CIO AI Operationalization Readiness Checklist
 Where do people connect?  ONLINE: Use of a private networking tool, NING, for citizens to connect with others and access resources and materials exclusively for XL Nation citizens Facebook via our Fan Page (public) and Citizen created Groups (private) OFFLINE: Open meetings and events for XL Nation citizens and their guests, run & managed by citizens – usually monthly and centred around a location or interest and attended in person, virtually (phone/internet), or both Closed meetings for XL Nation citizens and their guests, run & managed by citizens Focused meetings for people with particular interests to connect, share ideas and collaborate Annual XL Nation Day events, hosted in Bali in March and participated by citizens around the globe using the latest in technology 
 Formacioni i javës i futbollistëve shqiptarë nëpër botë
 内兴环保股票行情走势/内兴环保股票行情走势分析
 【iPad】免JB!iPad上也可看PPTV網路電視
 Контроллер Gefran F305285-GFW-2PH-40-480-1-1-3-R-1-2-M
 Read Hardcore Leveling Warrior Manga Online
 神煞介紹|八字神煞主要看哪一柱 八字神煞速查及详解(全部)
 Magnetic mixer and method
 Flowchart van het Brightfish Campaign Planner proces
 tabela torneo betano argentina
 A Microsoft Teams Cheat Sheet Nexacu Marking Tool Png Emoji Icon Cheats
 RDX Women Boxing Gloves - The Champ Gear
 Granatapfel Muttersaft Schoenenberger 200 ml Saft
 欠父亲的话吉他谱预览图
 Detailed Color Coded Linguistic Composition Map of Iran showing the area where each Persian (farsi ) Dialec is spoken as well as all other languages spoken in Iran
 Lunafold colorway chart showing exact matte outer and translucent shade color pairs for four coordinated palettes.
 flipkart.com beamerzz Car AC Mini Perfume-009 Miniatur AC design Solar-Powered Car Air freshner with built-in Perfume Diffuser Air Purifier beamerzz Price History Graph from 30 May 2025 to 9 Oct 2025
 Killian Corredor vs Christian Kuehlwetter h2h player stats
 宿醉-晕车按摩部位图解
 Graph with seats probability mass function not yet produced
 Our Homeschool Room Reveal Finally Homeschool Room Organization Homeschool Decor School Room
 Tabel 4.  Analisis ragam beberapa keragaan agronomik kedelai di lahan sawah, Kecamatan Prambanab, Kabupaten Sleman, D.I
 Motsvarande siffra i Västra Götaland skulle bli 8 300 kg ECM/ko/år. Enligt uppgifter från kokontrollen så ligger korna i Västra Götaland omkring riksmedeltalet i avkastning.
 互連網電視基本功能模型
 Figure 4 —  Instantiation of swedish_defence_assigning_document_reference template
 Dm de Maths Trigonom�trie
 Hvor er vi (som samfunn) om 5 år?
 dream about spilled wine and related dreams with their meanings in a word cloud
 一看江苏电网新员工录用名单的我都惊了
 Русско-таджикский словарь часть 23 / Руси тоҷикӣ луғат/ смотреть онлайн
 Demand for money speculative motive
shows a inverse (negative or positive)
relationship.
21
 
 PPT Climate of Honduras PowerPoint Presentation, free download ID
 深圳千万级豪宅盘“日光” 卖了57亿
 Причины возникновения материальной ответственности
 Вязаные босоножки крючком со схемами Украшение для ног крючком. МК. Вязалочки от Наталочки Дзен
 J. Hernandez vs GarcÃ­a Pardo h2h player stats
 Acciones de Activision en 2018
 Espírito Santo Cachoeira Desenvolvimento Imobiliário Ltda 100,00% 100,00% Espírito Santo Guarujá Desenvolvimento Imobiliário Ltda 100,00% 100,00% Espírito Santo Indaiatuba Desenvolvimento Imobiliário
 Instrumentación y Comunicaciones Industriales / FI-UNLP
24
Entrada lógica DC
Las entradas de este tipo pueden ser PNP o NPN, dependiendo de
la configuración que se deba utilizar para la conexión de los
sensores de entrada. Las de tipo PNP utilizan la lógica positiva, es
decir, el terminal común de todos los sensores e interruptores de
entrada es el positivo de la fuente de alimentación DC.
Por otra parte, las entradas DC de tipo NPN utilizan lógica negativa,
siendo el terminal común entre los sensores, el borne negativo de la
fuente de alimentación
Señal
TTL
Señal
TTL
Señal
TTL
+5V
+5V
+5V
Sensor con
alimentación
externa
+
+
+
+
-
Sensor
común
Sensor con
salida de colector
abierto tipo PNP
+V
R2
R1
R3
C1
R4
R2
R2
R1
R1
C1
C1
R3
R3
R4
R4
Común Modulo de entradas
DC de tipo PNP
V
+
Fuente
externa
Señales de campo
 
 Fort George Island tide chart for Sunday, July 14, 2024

---------------

TRY IT: Please copy, exactly and with nothing else, the lines above beginning at the line that has "shows a inverse (negative or positive)" and ending with the line that has "Причины возникновения материальной".

EXERCISE ANSWER:
shows a inverse (negative or positive)
relationship.
21
 
 PPT Climate of Honduras PowerPoint Presentation, free download ID
 深圳千万级豪宅盘“日光” 卖了57亿
 Причины возникновения материальной ответственности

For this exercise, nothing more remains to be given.